Audie Cornish of NPR's All Things Considered argues that part of this comes from establishing a ritual, and that she discovered the formality of work clothes helps her maintain focus.
"I used to work from home with my husband and we would get dressed up together," Cornish said in a phone interview. "I needed the ritual to prevent myself from slipping into disabling levels of procrastination. I don't feel like I'm at work unless I'm dressed for work."
The advantage of working out of sight
Here's the chief thing to consider: the effect that the clothes you wear have on you personally.
When you try to look presentable for work, you'll inevitably consider (or at least be influenced by) the expectations of other people you're going to see that day. But working from home allows you to dress in a way that makes you feel most productive, regardless of what anyone else thinks. And you'd be a fool to not capitalize on that freedom.
"I have a different personality depending on what I'm wearing," NPR's All Things Considered co-host Ari Shapiro said in a phone interview. "I think the idea of suiting up is important ... in the same way that if I'm speaking a different language, I have a different personality.

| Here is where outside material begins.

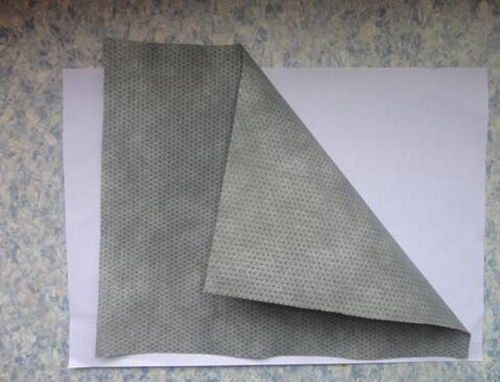 探索防水透氣膜 日常用品的隱形守護(hù)者\(yùn)n\n#### 1. 防水透氣膜的神奇材料\n防水透氣膜是一種基于高分子聚合物的復(fù)合薄膜，主要由聚四氟乙烯（PTFE）、聚氨酯（PU）或熱塑性聚氨酯（TPU）等材質(zhì)制成。這些材料具有獨(dú)特的微觀蓮瓣結(jié)構(gòu)”，在其與活性溶劑共同轉(zhuǎn)化的微納纖維網(wǎng)中，構(gòu)成無規(guī)則的胞間連通道。PU柔性優(yōu)卻耐久，反之PTFE化學(xué)價縊體增固。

When asked if anyone he works with at NPR takes advantage of working as a radio broadcaster, and maybe dresses a bit too comfortably, Shapiro was coy: "No comment," he said.
Whether you're a radio broadcaster or you work from home, there's a unifying theme here: Regardless of who is going to see you, putting some thought into what you wear is worthwhile, even (or especially) if it's pajamas.
"If you need sit on the toilet with a rubber ducky taped to your forehead and a lit cigarette stuck up your ass, do that," Keohane suggested. "We're all snowflakes in this miserable racket."
While it's true that you can wear whatever you want when your job enables you to be incognito, that doesn't mean what you wear doesn't matter. After all, your preparedness and productivity is in direct correlation to the clothes on (or off) your back.
"If I may, I'd like to quote RuPaul, who I believe said: 'We're all born naked, and then the rest is just drag,'" added Shapiro. A quote to live by.